16 de agosto de 2012 | 11h25

A Osesp fez ontem no Royal Albert Hall, dentro da programação do Proms, o primeiro concerto de sua turnê europeia. Abriu a noite com a “Sinfonia Novo Mundo”, de Dvorak; e, depois do intervalo, tocou a “Fanfarra para um Homem Comum”, de Coplando; a “Fanfarra para uma Mulher Incomum”, de Jean Tower; o “Momoprecoce”, de Villa-Lobos; e “Estância”, de Ginastera.

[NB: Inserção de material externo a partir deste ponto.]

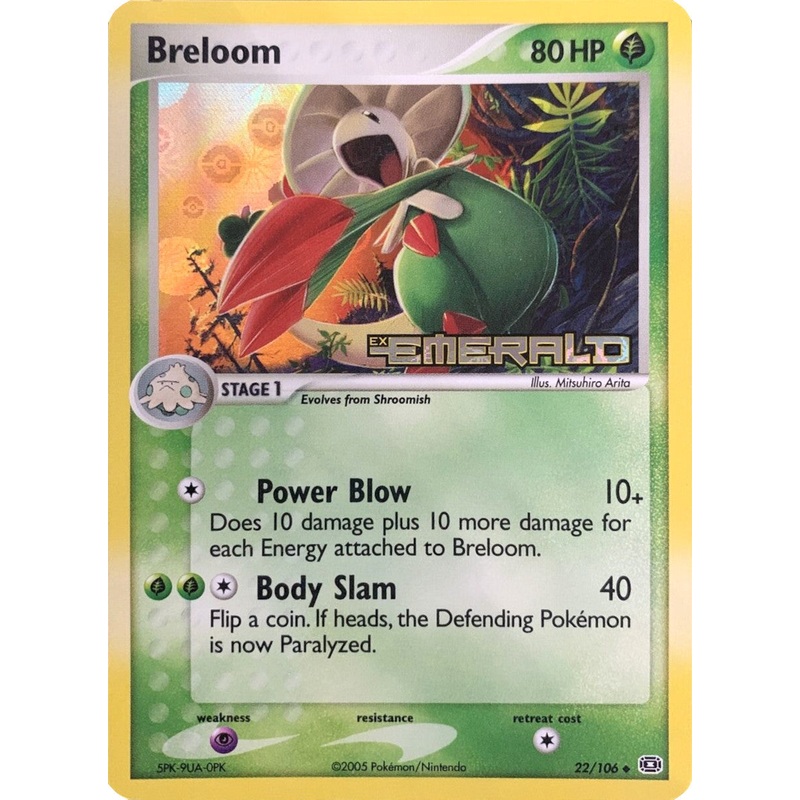 Breloom (22/106) (Stamped) [EX: Emerald]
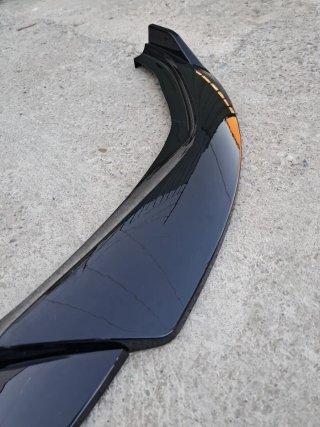 Spoiler Delantero Universal Negro brillo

O Dvorak foi um pouco irregular. A leitura de Marin Alsop se preocupa em voltar ao original e limpar a música de quaisquer excessos na interpretação. Isso, porém, expõe a orquestra, em especial nos momentos em que a maestrina opta por andamentos mais lentos – e evidencia problemas de clareza e equilíbrio entre os naipes, além de falhas pontuais, em especial na seção de metais. Na segunda parte, o desempenho foi mais interessante e coeso. A interpretação do Momoprecoce cresceu bastante com relação às apresentações em São Paulo, há cerca de um mês. Nelson Freire estava em noite especial, acompanhado de perto por Alsop, criou habilmente os coloridos exigidos por cada um dos quadros criados por Villa-Lobos, da brejeirice da “Manha de Pierrete” ao samba da “Folia do Bloco Infantil”. Estância, com sua dança final, abriu caminho para um encerramento apoteótico, embalado, no bis, pelo Frevo de Edu Lobo.